CHARIE LOVES TOILET ROLLS! :rofl:
He is so strong, lifting it up by himself! 










*He lifted this one up and let go and went all random about it!*


----------



## Cassie (Jan 7, 2009)

Charlie is so incredibly cute. You're very lucky to have such a little angel.


----------



## Cockatiel love (Aug 15, 2010)

Cassie said:


> Charlie is so incredibly cute. You're very lucky to have such a little angel.


Thank you  Charlie says thank you while eating his egg


----------



## Cassie (Jan 7, 2009)

You're very welcome Charlie. I hope your egg was nice.


----------



## Cockatiel love (Aug 15, 2010)

Cassie said:


> You're very welcome Charlie. I hope your egg was nice.


He says it was horrible :S


----------



## Jynxstorm (May 15, 2010)

How cute, super duper cute.


----------



## Cockatiel love (Aug 15, 2010)

Jynxstorm said:


> How cute, super duper cute.


Thank you


----------



## Cassie (Jan 7, 2009)

Tell Charlie not to be fussy. He's very lucky to be so spoilt.


----------



## Cockatiel love (Aug 15, 2010)

Cassie said:


> Tell Charlie not to be fussy. He's very lucky to be so spoilt.

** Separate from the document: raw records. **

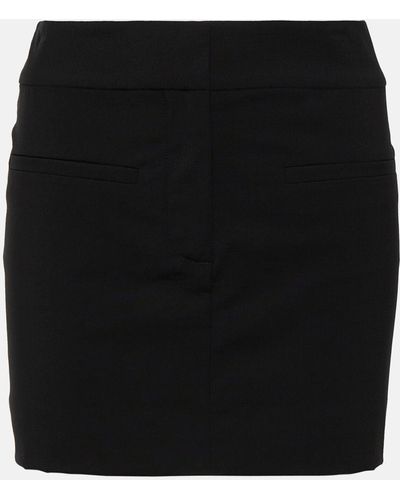 Veronica Beard Wool-blend Miniskirt - Black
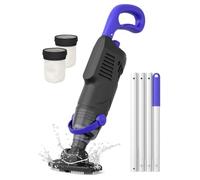 Aspirateur de Piscine Little Shark pour piscines Hors Sol, aspirateur pour Spa équipé d'un Moteur de 60 W, aspirateur de Piscine Compact et léger avec Une Batterie de 5 000 mAh (Noir)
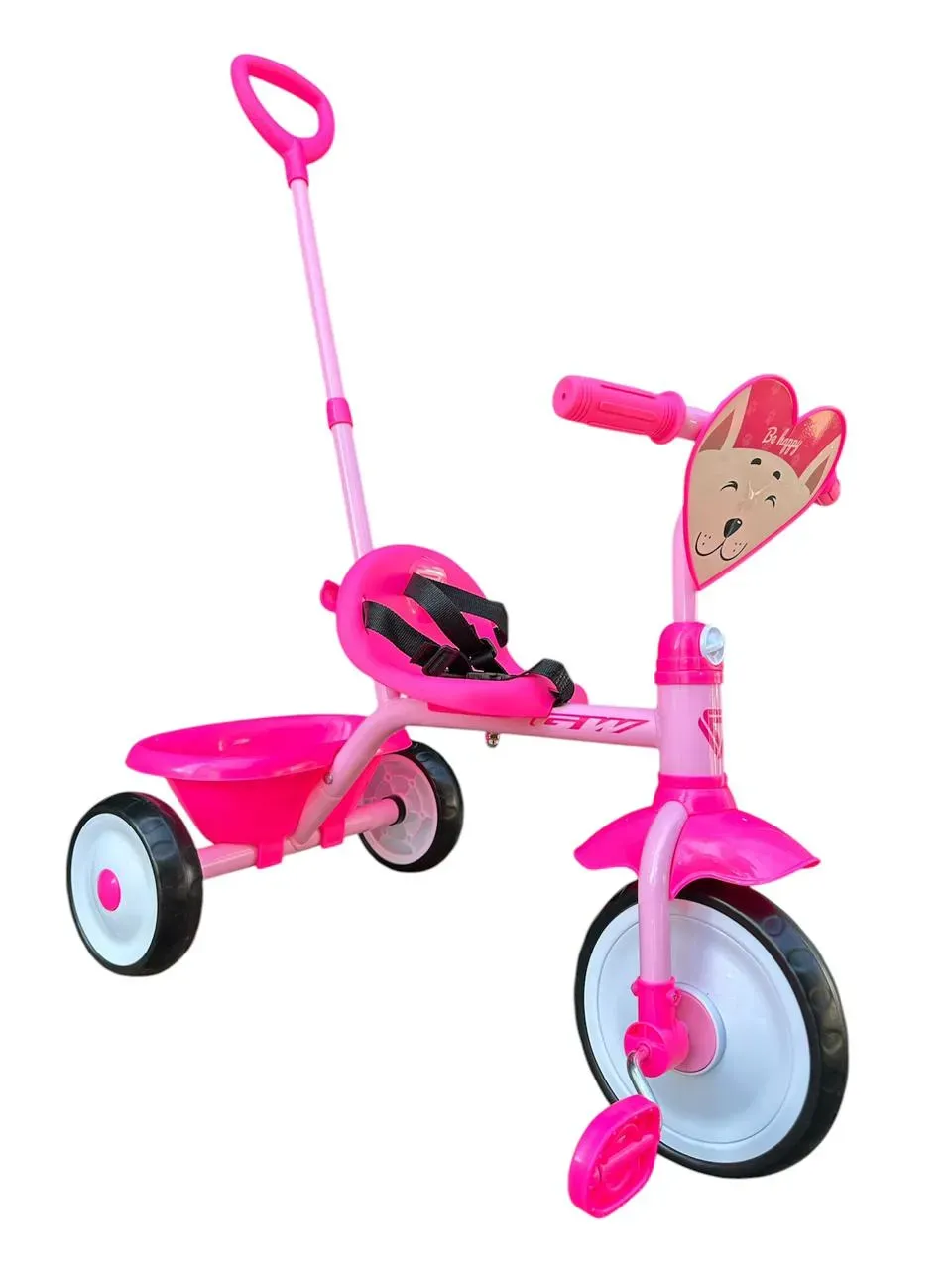 Triciclo Infantil Be Happy Fucsia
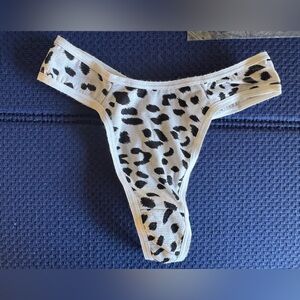 Leopard Print Thong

He is looking at a butterfly out the window it is so funny, he is so scared of it you scardy cat, he loves most things just not egg


----------



## crazycat (Aug 2, 2010)

aww cute! He seems to have lots of personality for a little bird! I have always thought about giving my two a toilet roll to play with but never knew if they were safe (obvioulsy I wouldn't give them scented) I actually just ran out of paper towel tonight so might give them the roll tomorrow and see if they like it.... what am I thinking, of course they will like it! They like anything that will make lots of mess when torn up lol.


----------